▶ [Required work]: Look through the data below for the line with "Excavadora Volvo EC210BLC", and transcribe it exactly together with each line after it up to and including the line with "Apartamento Beachfront Condo". Give nothing else.

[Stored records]
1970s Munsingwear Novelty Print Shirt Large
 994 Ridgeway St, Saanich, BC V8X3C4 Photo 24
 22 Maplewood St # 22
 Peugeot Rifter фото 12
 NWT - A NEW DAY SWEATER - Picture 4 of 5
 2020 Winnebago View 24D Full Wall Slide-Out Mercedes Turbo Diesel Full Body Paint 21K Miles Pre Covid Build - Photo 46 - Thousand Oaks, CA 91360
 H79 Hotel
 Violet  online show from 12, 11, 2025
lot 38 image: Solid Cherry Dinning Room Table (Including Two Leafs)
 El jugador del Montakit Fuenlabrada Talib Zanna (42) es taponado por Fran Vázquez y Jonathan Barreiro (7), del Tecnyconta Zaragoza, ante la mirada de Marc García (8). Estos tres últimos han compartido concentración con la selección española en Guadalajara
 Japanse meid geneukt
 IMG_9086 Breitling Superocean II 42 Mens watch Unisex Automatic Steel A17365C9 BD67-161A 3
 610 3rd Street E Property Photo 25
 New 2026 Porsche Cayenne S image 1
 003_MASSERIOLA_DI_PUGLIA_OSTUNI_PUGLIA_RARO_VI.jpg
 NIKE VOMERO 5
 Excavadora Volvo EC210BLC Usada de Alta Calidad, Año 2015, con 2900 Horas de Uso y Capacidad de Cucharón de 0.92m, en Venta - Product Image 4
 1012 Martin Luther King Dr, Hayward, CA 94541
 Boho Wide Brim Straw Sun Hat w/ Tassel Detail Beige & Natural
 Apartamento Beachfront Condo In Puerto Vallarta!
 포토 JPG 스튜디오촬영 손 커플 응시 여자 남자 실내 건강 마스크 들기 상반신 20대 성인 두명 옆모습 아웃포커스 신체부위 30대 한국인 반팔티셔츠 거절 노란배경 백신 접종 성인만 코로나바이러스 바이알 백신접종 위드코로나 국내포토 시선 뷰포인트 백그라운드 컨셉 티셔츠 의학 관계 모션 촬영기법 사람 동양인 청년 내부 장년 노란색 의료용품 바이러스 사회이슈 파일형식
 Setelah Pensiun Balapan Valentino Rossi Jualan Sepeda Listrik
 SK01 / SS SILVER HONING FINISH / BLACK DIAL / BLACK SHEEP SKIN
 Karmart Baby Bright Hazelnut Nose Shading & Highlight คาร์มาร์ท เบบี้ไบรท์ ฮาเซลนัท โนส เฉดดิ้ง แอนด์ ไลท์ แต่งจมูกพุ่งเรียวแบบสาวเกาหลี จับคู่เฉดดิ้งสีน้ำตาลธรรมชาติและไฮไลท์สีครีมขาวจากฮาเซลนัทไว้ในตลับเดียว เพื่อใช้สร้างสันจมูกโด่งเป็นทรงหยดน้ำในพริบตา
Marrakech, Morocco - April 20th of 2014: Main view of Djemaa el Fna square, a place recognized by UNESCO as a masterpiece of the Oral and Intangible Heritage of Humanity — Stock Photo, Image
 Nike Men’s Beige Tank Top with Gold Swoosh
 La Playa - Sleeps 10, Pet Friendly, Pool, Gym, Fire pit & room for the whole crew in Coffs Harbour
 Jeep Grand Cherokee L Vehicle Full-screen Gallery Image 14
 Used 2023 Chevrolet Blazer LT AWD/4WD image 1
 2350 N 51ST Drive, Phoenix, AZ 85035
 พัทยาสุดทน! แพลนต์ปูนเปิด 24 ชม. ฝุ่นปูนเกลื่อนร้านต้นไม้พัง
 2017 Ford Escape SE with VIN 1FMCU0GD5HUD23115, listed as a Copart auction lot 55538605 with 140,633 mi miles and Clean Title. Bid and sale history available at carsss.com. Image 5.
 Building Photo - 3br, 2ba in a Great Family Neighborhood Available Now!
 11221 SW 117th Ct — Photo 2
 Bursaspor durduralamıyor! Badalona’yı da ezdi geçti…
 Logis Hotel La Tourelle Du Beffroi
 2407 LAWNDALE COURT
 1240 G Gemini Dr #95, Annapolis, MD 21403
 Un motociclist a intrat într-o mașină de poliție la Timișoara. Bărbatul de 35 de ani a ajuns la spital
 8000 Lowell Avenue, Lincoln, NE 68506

▶ [Task result]:
 Excavadora Volvo EC210BLC Usada de Alta Calidad, Año 2015, con 2900 Horas de Uso y Capacidad de Cucharón de 0.92m, en Venta - Product Image 4
 1012 Martin Luther King Dr, Hayward, CA 94541
 Boho Wide Brim Straw Sun Hat w/ Tassel Detail Beige & Natural
 Apartamento Beachfront Condo In Puerto Vallarta!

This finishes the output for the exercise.